The Athenaeum magazine (1828-1921) rallied in the 1870s when its new owner, Sir Charles Dilke, sought “young bright minds”, to contribute . His appointment of Norman MacColl, as editor, led to a growth in women contributors. Blind reviewed literature in this journal from 1872-1887, became an exacting critic and excelled “…among a new generation of women poets who stood out on account of their unconventional ideas …[she was] a free thinker.”

Poems in her two collections, Dramas in Miniature (1891) and Birds of Passage (1895) address same sex desire, with the suggestion that each narrator is lesbian or bisexual, notably, Scherzo, My Lady, A White Knight and The Forest Pool.

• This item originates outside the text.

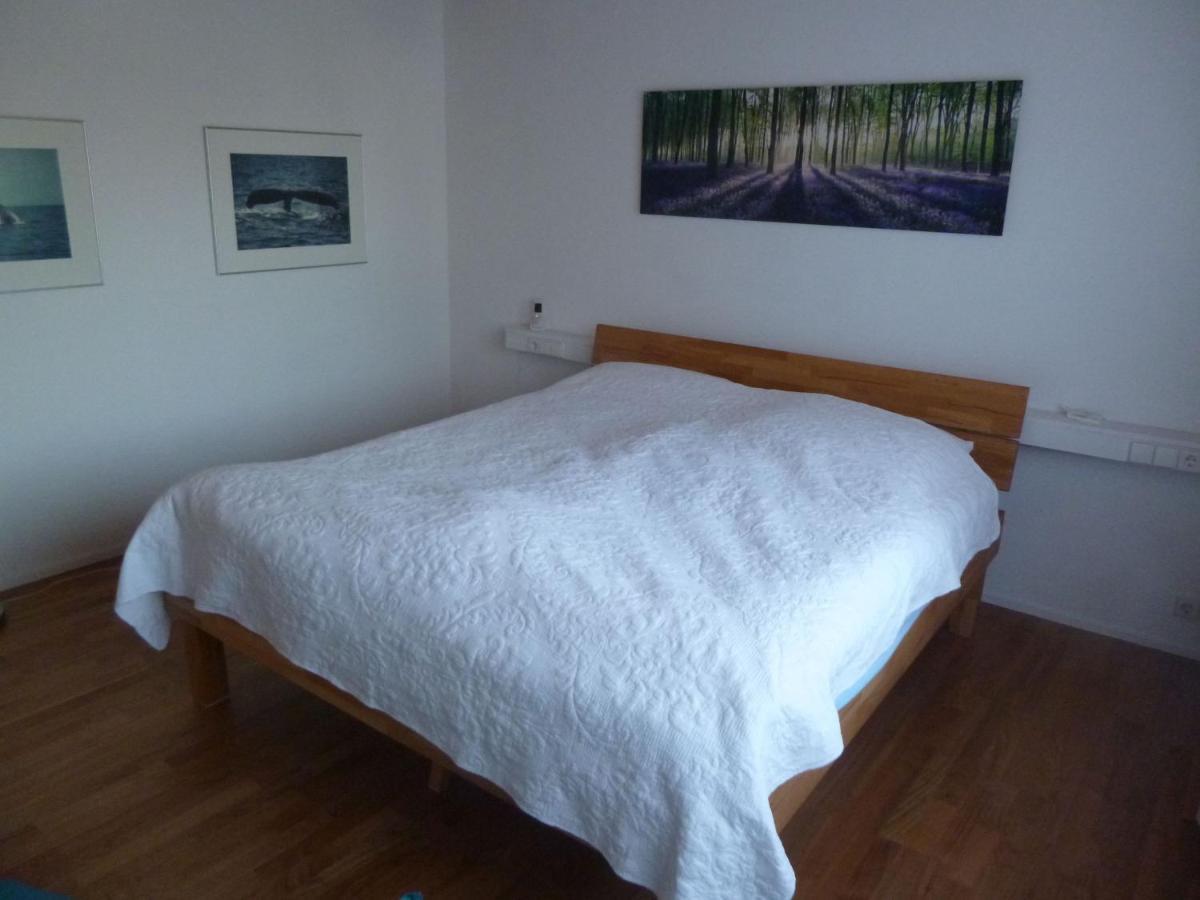 Ferienhaus Unteres Hart Gomadingen Kültér fotó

Unsparing in dedication to her causes, she gained financial support In 1892 when she inherited a considerable sum from half-brother Max, providing independence during her final years. On her death, from cancer of the uterus, she left an endowment to Newnham College, Cambridge, to provide a scholarship for women studying language and literature; Margaret Drabble gained this scholarship in 1957 and acknowledges knowing little of Blind at the time but being pleased to rediscover her in Diedrick’s biography later. Blind bequeathed to Garnett her portrait, painted by Lucy Rossetti.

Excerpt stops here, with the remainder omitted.